> EXERCISE DIRECTIONS: From the entries that follow, copy each line containing the word "Picture".

[Start of section]

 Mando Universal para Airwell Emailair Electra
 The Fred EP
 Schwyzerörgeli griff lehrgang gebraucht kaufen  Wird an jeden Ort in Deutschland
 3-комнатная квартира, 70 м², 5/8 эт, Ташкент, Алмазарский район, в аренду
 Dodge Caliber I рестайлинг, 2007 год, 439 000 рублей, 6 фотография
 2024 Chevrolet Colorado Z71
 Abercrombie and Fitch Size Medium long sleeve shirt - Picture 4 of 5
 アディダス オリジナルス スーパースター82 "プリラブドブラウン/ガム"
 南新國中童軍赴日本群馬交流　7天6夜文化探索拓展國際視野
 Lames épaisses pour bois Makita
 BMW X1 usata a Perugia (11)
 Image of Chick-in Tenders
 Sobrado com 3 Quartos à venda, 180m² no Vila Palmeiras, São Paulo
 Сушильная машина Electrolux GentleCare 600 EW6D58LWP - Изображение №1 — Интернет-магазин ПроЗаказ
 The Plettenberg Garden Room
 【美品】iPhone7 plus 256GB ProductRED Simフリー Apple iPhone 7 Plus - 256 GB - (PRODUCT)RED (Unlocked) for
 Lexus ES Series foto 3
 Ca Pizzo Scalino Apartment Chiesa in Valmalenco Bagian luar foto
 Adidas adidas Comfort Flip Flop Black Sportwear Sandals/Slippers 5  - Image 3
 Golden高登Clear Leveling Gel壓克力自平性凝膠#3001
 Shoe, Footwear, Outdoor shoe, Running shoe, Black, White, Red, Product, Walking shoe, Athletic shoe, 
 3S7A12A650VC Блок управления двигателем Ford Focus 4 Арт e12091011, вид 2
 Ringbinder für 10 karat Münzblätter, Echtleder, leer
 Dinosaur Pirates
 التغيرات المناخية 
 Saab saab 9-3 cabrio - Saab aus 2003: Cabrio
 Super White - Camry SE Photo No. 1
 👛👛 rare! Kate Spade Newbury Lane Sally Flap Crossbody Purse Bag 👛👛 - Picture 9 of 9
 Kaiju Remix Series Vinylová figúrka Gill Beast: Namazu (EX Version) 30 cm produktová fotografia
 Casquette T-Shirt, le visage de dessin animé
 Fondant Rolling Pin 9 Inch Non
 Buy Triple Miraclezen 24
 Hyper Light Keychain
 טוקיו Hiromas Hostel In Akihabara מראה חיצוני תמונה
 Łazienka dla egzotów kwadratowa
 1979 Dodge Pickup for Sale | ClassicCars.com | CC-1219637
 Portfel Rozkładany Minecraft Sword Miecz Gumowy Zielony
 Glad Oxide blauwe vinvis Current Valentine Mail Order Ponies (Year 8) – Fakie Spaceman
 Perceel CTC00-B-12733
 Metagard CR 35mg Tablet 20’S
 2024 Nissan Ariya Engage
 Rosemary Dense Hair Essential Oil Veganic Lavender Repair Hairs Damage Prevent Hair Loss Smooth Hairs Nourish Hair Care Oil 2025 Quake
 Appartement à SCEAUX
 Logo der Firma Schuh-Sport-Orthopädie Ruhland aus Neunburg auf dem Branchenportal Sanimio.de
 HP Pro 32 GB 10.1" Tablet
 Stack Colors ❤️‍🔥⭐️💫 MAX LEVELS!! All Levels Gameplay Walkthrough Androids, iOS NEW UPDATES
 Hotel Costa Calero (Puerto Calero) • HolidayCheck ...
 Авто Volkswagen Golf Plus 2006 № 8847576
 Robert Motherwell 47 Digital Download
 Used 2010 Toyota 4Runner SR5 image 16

[End of section]

> RESULT OF THIS EXERCISE:
 Abercrombie and Fitch Size Medium long sleeve shirt - Picture 4 of 5
 👛👛 rare! Kate Spade Newbury Lane Sally Flap Crossbody Purse Bag 👛👛 - Picture 9 of 9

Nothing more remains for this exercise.